What You Can Actually Take From This
Not all founders are going to surf a wave in the same way that Yasser did. The particular circumstances were particular. But the patterns underlying them? Those move.
Look for the technologies that are making the transition from only available to experts to available to anyone. That window, when a complicated technology starts to become available to mere mortals, is where the most interesting companies are born. APIs opening up, no-code tools advancing, regulatory changes: these are real opportunities that didn’t exist last year.
Be able to demonstrate your core value in under 30 seconds. Not as a party trick, but as actual proof of clarity. If you can’t show someone in that window what your product does, it’s probably a sign that you haven’t figured out what actually matters about it yet.
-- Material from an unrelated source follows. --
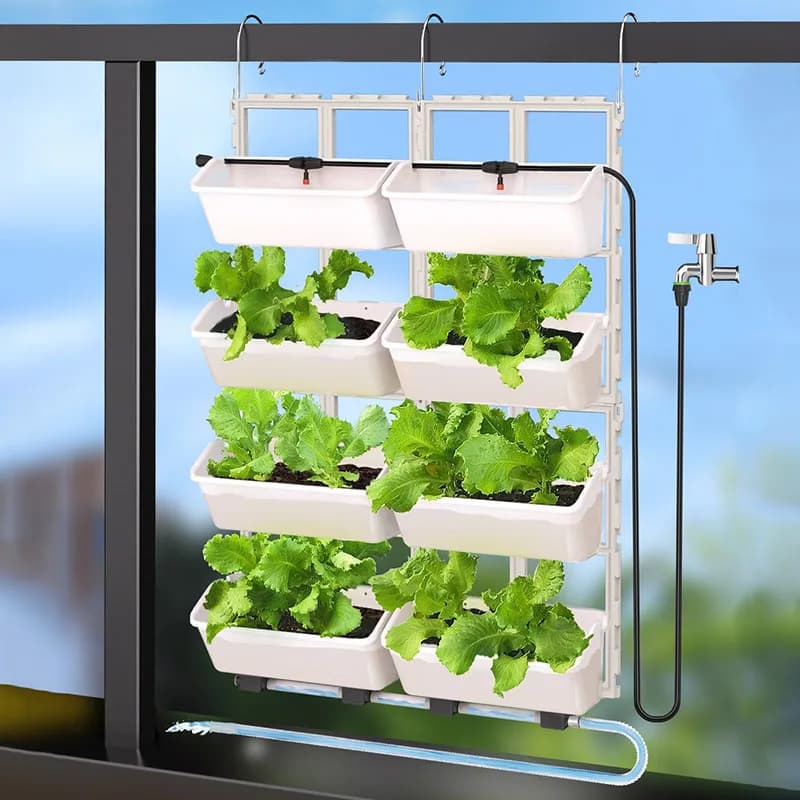 Plastic Flower Pot Self Watering Hanging Planters Pot Large Outdoor Garden Decoration Pots Veranda Home Flowerpot Hanger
Borrow audiences before you build your own. Who already has the attention of your target audience? What do you have that they might want and that they could share with others? Yasser’s tagging philosophy and his free community tools were both expressions of the same impulse.
Every significant feature is a launch. Your next customer hasn’t seen anything you’ve built. For them, every significant update is a first impression; treat it that way.
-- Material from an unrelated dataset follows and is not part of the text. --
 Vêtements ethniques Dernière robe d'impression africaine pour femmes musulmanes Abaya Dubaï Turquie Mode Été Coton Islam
And perhaps the most painful lesson of all: launch before you’re comfortable launching. The feedback you get from real users in the first week is worth more than months of internal development could ever hope to provide. The pain of shipping something that isn’t quite right is almost always the price of admission for something that actually does work.
The Bigger Picture
Chatbase is at the nexus of a number of things that are simply true about where the state of technology is today. The AI infrastructure has gotten cheap and accessible enough that a solo founder can build something compelling without a huge team. The need for “practical” AI—software that does something actually useful for a real business, as opposed to demos that are impressive at conferences but not actually useful, is real, growing, and underserved. And users are increasingly eager to touch software before they’ll pay for it, which is exactly what Chatbase did.
The generic AI product space is getting crowded quickly. The area that is still wide open is specificity, tools for a particular workflow, a particular industry, a particular type of problem that a real human has on a Tuesday afternoon. That’s where Chatbase is. It’s probably where the next interesting AI companies will emerge, too.